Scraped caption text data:
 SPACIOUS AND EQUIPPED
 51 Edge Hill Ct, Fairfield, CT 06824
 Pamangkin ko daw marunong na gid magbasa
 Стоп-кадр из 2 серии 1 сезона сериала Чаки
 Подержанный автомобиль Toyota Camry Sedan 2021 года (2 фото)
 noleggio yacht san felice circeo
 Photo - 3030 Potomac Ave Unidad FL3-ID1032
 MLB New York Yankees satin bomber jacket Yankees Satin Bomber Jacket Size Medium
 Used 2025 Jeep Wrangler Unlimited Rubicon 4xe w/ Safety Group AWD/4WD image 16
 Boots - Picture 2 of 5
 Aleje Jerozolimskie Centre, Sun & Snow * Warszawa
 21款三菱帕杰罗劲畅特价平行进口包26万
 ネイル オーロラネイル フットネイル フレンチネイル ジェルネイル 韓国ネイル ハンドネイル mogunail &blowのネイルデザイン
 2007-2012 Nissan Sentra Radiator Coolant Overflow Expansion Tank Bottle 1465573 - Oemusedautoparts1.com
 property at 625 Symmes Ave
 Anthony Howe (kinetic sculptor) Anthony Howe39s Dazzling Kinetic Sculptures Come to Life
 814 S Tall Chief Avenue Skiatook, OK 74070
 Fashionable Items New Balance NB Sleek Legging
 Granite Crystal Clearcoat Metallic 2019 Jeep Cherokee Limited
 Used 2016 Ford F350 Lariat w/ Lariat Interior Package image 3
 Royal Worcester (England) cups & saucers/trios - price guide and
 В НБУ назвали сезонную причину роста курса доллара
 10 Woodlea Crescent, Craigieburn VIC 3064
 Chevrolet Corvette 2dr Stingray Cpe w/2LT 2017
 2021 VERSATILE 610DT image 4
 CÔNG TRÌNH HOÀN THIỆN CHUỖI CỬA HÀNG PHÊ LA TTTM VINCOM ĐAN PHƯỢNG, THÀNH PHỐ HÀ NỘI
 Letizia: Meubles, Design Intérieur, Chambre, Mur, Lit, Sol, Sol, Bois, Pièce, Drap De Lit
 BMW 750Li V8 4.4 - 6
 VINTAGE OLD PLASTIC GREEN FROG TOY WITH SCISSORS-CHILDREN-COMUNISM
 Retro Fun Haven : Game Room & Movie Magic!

• TASK INSTRUCTIONS:
Which of the lines above include the word "image"? List those lines.

• EXERCISE OUTPUT:
 Used 2025 Jeep Wrangler Unlimited Rubicon 4xe w/ Safety Group AWD/4WD image 16
 Used 2016 Ford F350 Lariat w/ Lariat Interior Package image 3
 2021 VERSATILE 610DT image 4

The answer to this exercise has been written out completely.